Over the next couple of decades, the UK is set to spend billions dismantling and removing the infrastructure used to extract North Sea petroleum. Most people think oil and gas companies will pay for it, but actually the taxpayer will fund a large proportion.
This state support will work through a system of tax breaks that will cover either 50% or 75% of decommissioning costs depending on the field. With the total cost of dismantling the UK North Sea estimated at about £40 billion, the taxpayer will hand over a huge sum of money – about £1,000 per head. And should decommissioning costs rise, as many suspect they will, the risk to the taxpayer is obvious.
Decommissioning has started already, costing £800m in 2014 for instance. But before the UK spends the majority of the fortune required, I believe the government should stop this process in its tracks. Instead, it should invest the money into something more beneficial to the future – renewable energy.
How decommissioning works
The process for decommissioning a field after petroleum extraction has become uneconomic is regulated by the UK government. First, the licence holder would typically seal all wells to prevent the oil reservoir from leaking into the surrounding environment. This is a complex process that requires the setting of cement plugs.
At the same time, the licence holder has to prepare the offshore facility for removal in two stages. It needs to first remove the topside, which consists of the equipment for oil and gas processing and drilling, then clean and section the equipment so that it can be lifted on to huge crane barges.

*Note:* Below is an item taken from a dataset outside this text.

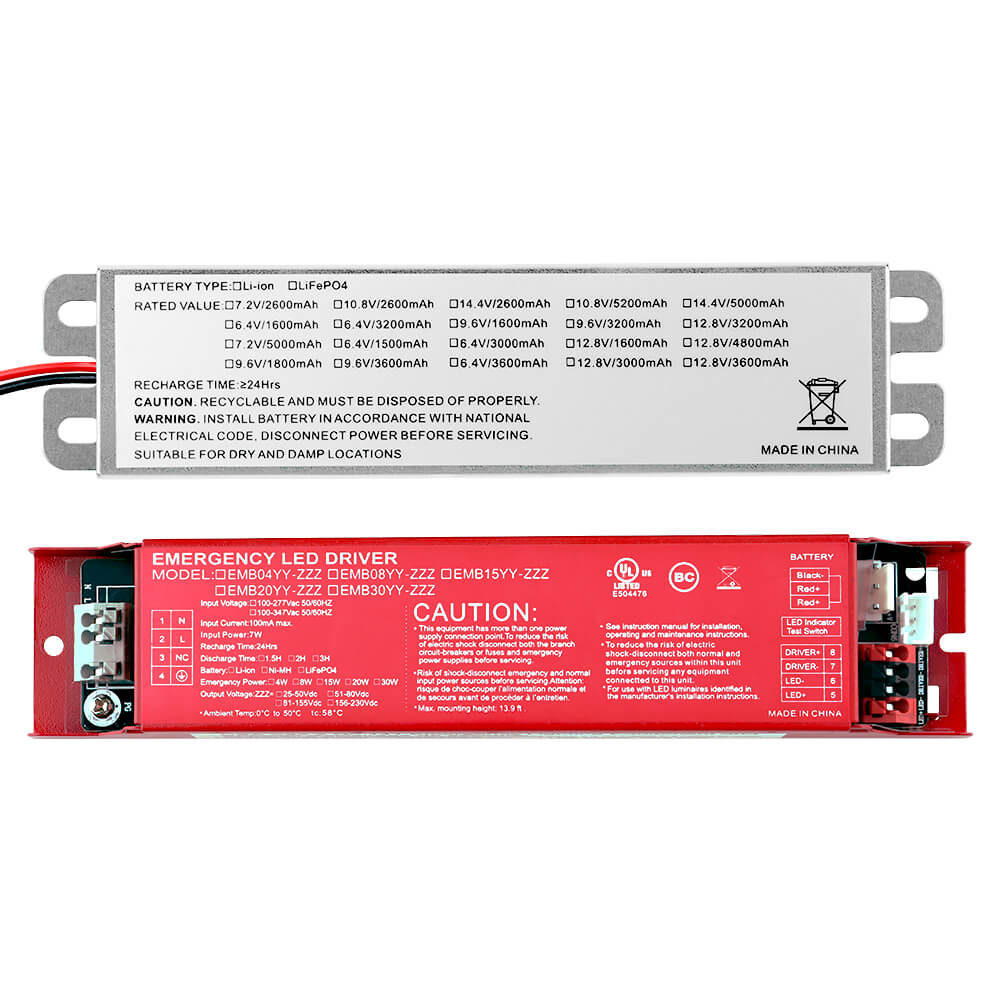 8W LED Emergency Backup Driver - Constant Power, 100-277V AC Input, 20-50V DC Output - Ideal for Commercial Lighting & Power Outage Preparedness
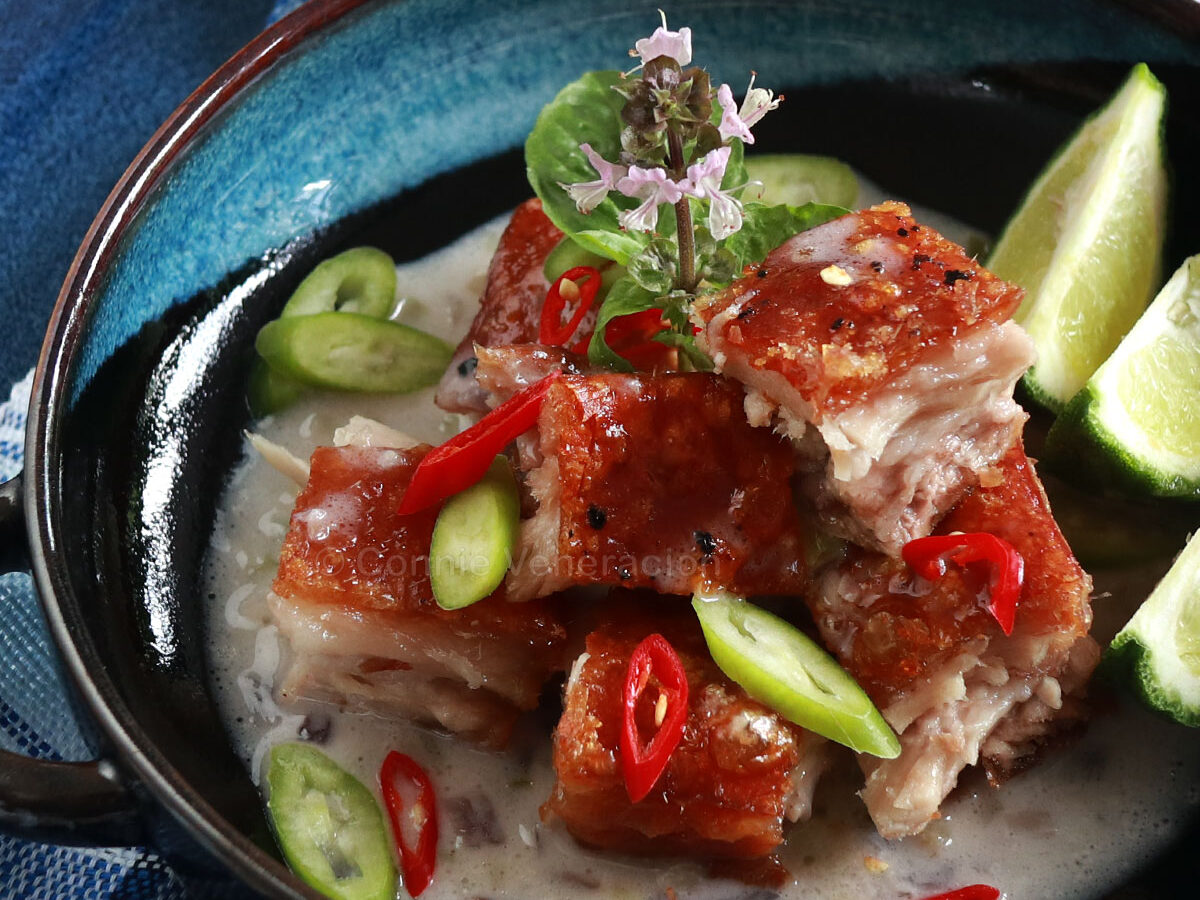 Crispy pork belly in coconut cream sauce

Then the licence holder needs to deal with the supporting structure, which is known as the jacket. This often consists of a huge steel frame attached to the seabed with steel piles. It has to be cut and then lifted onto a barge so that the entire operation can be taken onshore for dismantling and recycling. The onshore activities are less than 5% of the overall cost. Well plugging is about 50% of the overall cost.
Why are we doing this? Supposedly because of the environmental benefits of returning to a clean seabed. No one disputes that plugging the wells is necessary, but environmental scientists are actually not sure about the benefits of removing the topside and jackets. Some suggest that removal activities will cause more damage than good. This indicates to me that, at the very least, the environmental case for decommissioning is not compelling.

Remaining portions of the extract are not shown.